How To Regain Your Stoke
by Corky Carroll
Today I thought it would be a good time to deal with an issue that plagues many older surfers, and some not that old as well. When you have surfed for a reasonable amount of time and have reached a decent level of skills you feel pretty confident that those skills are gonna stick with you forever. But then, for some reason or another, you stop surfing and don’t come back to it for a long time. And when you do there is the reality that the skills you used to have are just not there, or at least not the same. I hear many people saying they don’t want to get back into surfing because they will have to “learn all over again,” and it’s just too hard when you get older. And, for the most part, this is true. You do have to learn most of it all over again and it is hard. No doubt. But, it’s also really fun and very cool to do. Soooo, is it worth it to you or not?
But then there is a completely different way to look at it and this is what I want to bring into the conversation today. Learning all over again is not that bad a deal. I am going to give my own experiences with this issue as an example.
I have dealt with a bad back for decades that just kept getting worse. I have severe stenosis in my L3, L4 and L5 area, plus some other stuff that I never can remember the name of. Over the years I have done little tweaks to it that have kept me out of the water for from a few days up to a few weeks. But I was always able to take it easy and be able to surf again when the current issue eased up. Until I couldn’t. One day I was just standing up on a small wave and I felt it go. It did not get better and as time went by I was trying to come to grips with the fact that I was probably never gonna be able to surf again. Not long before this happened I had the chance to surf with my lifelong pal and mentor, Mickey Munoz, out on the East Cape near Cabo. He was surfing a SUP and surfing it extremely well. He was 75 at the time and he told me that switching to the Stand Up Paddleboard is what allowed him to keep surfing.
So, I gave it a shot. At first I was not loving it. The boards are big and hard to turn and the whole thing was like “learning to surf all over again.” But then it just kinda clicked in one morning that learning how to surf all over again was actually REALLY FUN. Instead of being an old dude with declining skills I was like a kid who was getting better at it each day. I embraced this and started having a blast and learning more and more how to surf on one of these. As I got better I found that it was really fun and the different techniques are really very cool. Soon I was surfing pretty decently and started designing SUPs specially for surfing. Totally a gremmie all over again.
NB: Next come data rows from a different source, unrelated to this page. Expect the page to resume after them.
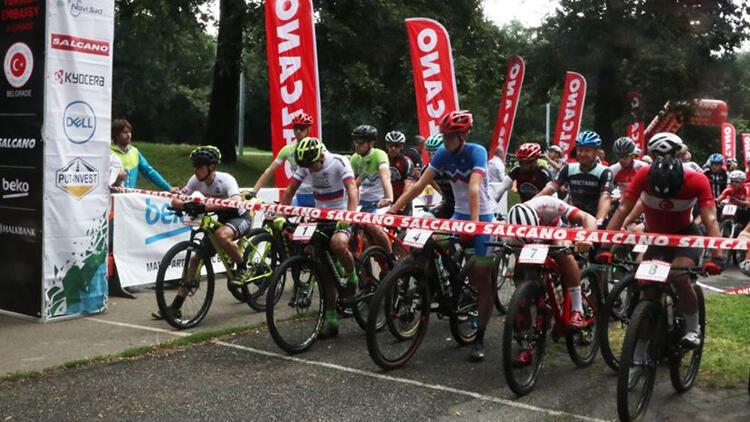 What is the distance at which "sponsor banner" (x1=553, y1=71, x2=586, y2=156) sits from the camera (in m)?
21.7

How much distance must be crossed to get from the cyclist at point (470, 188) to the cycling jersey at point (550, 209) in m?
0.50

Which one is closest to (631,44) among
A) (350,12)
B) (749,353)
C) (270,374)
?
(350,12)

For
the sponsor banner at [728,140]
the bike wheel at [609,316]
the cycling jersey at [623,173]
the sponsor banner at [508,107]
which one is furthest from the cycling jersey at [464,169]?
the sponsor banner at [728,140]

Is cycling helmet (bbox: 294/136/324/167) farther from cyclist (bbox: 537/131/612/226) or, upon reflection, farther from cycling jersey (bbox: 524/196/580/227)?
cyclist (bbox: 537/131/612/226)

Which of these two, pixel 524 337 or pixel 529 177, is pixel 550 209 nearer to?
pixel 524 337

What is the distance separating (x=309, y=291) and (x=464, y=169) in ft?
5.74

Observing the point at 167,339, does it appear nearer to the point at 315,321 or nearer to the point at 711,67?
the point at 315,321

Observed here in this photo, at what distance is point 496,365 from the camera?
6.92m

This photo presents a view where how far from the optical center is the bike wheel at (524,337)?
5801 mm

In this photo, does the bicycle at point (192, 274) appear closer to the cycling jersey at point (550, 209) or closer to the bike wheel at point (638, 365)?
the cycling jersey at point (550, 209)

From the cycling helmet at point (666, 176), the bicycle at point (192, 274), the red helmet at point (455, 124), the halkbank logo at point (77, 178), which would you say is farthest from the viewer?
the halkbank logo at point (77, 178)

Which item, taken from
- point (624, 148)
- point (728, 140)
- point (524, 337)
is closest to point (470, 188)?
point (524, 337)

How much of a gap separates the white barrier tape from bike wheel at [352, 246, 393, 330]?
0.49 meters

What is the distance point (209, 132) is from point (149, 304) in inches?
725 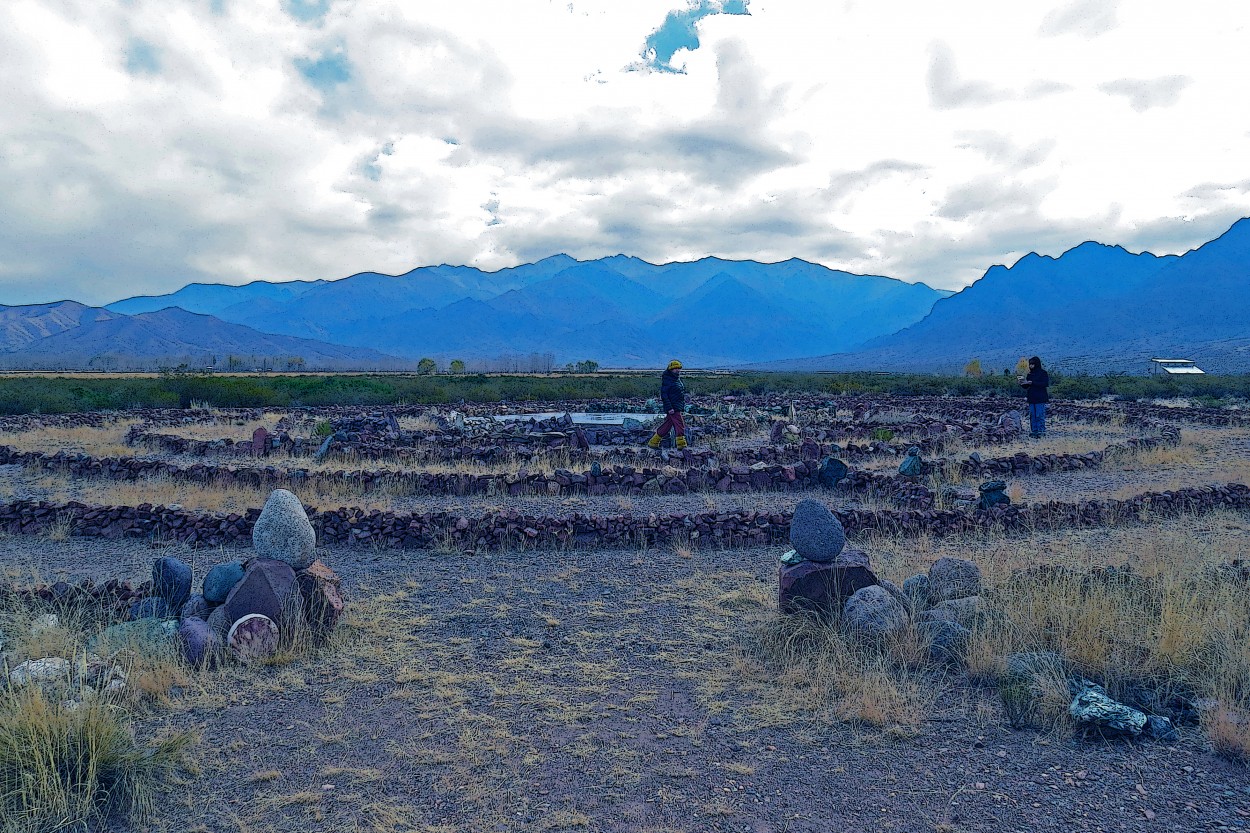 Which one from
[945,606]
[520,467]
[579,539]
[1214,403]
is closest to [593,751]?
[945,606]

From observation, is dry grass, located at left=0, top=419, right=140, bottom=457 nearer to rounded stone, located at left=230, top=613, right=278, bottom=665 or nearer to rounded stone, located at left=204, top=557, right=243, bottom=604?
rounded stone, located at left=204, top=557, right=243, bottom=604

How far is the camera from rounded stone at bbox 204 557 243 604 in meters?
7.04

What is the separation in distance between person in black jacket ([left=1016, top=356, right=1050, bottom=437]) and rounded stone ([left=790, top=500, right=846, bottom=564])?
14.6 meters

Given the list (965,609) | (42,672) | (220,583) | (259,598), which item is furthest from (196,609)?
(965,609)

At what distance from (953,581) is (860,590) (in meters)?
1.16

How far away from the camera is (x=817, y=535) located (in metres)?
7.12

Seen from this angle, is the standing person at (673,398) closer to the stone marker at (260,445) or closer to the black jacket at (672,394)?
the black jacket at (672,394)

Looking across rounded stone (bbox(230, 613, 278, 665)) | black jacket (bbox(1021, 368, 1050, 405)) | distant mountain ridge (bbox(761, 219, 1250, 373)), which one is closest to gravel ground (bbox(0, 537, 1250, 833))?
rounded stone (bbox(230, 613, 278, 665))

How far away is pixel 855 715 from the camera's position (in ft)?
17.8

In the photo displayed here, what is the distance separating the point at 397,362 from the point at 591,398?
149559 mm

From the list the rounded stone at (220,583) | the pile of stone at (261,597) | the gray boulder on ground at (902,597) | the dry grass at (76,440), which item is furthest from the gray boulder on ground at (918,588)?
the dry grass at (76,440)

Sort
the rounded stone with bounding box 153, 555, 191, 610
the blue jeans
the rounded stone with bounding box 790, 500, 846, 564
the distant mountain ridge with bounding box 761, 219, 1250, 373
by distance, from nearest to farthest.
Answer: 1. the rounded stone with bounding box 790, 500, 846, 564
2. the rounded stone with bounding box 153, 555, 191, 610
3. the blue jeans
4. the distant mountain ridge with bounding box 761, 219, 1250, 373

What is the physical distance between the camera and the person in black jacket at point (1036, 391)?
20.1m

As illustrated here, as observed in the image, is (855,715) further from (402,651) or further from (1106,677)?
(402,651) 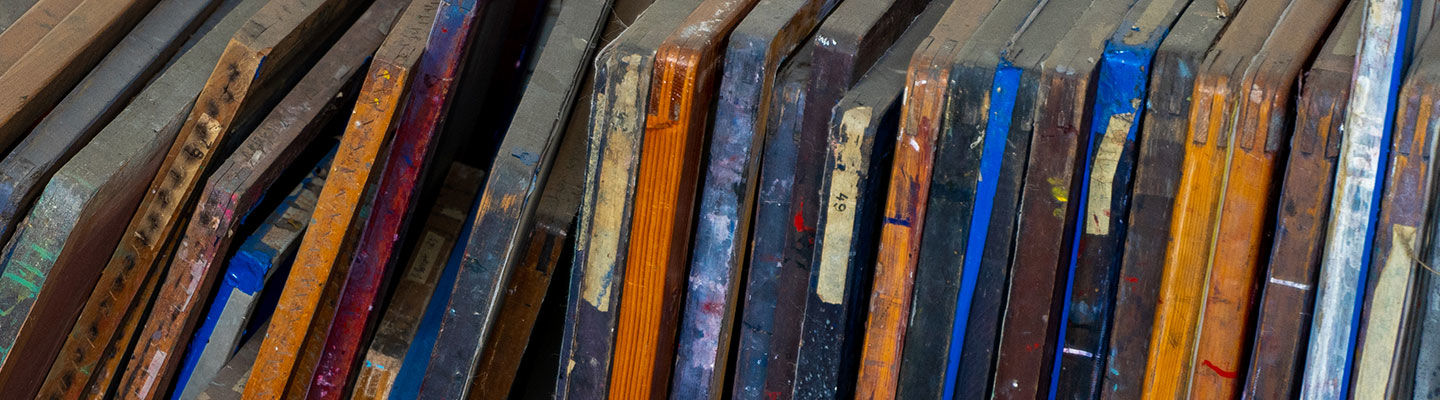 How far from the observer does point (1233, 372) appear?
5.19ft

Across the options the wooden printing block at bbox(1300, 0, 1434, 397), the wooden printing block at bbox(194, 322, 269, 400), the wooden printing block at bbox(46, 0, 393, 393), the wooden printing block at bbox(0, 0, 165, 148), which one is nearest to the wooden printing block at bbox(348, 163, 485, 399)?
the wooden printing block at bbox(194, 322, 269, 400)

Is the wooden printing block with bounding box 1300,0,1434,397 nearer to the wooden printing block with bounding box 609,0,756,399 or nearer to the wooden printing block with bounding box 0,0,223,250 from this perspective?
the wooden printing block with bounding box 609,0,756,399

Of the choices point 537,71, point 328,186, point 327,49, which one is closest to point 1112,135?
point 537,71

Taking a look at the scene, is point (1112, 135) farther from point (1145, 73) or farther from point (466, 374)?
point (466, 374)

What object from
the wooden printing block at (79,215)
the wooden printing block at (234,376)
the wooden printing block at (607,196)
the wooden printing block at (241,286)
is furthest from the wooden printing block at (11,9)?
the wooden printing block at (607,196)

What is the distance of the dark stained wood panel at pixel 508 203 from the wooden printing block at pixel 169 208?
432mm

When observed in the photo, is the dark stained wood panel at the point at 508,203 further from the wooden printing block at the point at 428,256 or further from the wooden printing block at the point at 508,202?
the wooden printing block at the point at 428,256

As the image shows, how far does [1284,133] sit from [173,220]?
1781 millimetres

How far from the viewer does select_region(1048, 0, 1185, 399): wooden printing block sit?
155cm

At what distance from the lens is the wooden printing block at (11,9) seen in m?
2.41

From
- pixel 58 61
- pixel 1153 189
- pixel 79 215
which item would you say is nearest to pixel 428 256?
pixel 79 215

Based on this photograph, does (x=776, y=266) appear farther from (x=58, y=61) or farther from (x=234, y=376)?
(x=58, y=61)

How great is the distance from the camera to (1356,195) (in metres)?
1.47

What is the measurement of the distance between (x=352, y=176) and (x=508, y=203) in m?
0.29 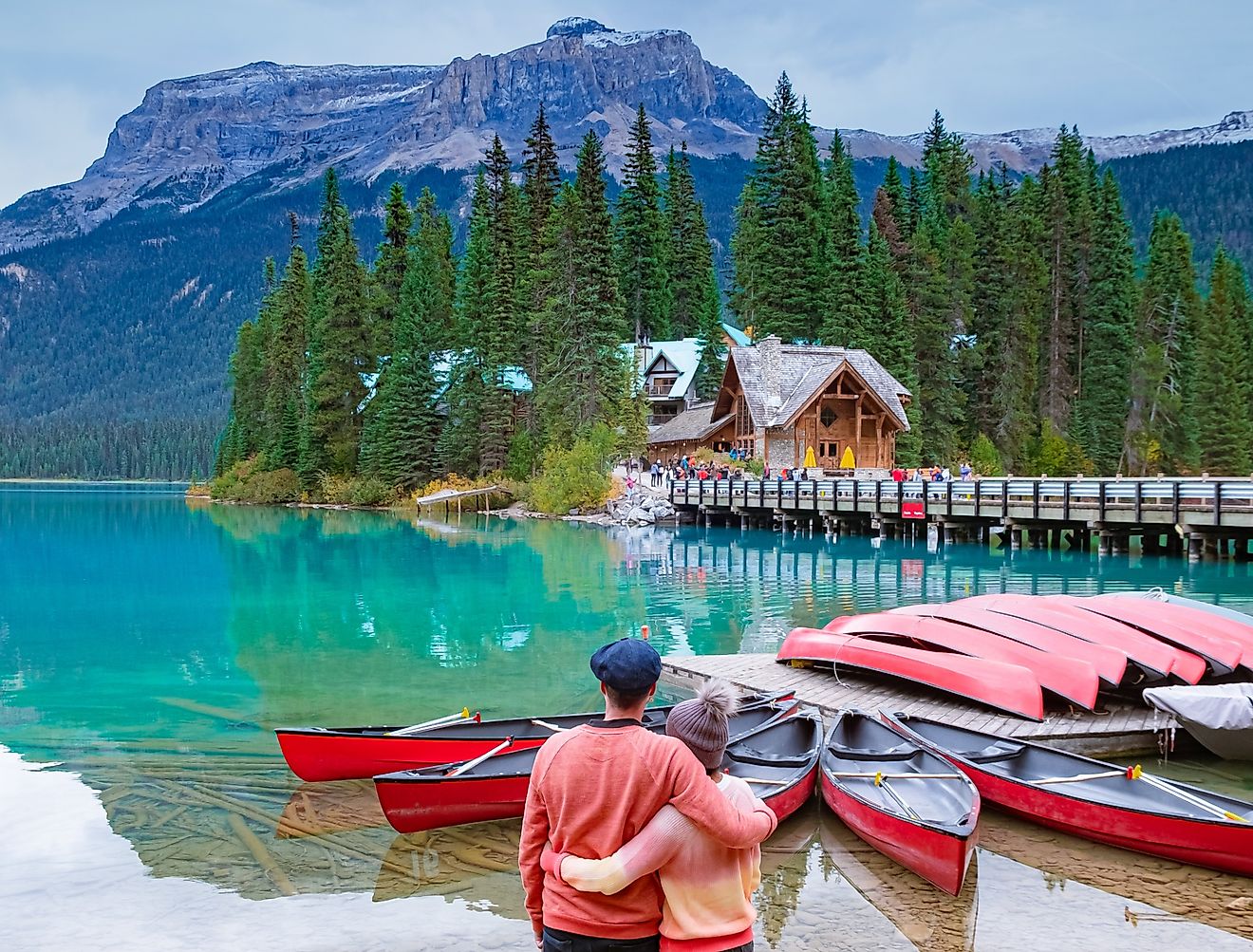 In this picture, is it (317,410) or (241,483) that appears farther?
(241,483)

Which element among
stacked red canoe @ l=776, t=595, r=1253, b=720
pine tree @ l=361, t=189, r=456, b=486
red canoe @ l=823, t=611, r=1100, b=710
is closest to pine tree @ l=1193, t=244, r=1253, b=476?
pine tree @ l=361, t=189, r=456, b=486

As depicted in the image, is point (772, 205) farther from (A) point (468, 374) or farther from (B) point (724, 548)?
(B) point (724, 548)

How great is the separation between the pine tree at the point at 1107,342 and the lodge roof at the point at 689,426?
23.9m

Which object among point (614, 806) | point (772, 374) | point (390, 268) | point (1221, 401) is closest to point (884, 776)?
point (614, 806)

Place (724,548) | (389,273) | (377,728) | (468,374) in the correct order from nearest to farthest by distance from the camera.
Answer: (377,728) < (724,548) < (468,374) < (389,273)

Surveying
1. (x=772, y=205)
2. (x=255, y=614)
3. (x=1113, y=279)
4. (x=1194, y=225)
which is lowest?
(x=255, y=614)

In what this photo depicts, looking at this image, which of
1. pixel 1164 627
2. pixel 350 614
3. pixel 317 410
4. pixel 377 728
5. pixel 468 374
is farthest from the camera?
pixel 317 410

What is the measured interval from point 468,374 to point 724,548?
31.3 meters

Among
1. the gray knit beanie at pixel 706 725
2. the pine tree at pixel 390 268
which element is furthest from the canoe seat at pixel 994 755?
the pine tree at pixel 390 268

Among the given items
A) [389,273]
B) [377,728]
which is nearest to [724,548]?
[377,728]

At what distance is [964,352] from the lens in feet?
225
Then a little over a year ago, early Sept 2019, I started having issues with my heart that put me down for pretty much the entire time up until the beginning of October this year. It finally let up enough where I could go back in the water and surf again. But, a year off and with zero exercise during that whole time had taken its toll. My balance was off and I am having to build back up my energy level. I found myself falling off the back over and over. But each day it got a little better and I was falling off less. Turning what could be a very frustrating situation into a positive one I reminded myself of how much fun I had learning to surf on the SUP and that this was pretty much just the same kinda deal, learning yet a third time. In the middle of it I got a new board that is faster than the last one so, at first, I fell off the back even more. But I just had to laugh about it and remember to learn forward more on the next wave. Now I have one month back in the water and each morning I wake up stoked to go surfing. I am 73, way overweight, lack of breath, pacemaker in my chest and just flat out stoked to paddle out every morning. Just like I was when I was 10. Learning all over is not that bad. Those of you who are thinking about it should just give it a go and see how you feel. If nothing else it just is so nice sitting out there waiting for a wave. There is a lot of peace in that.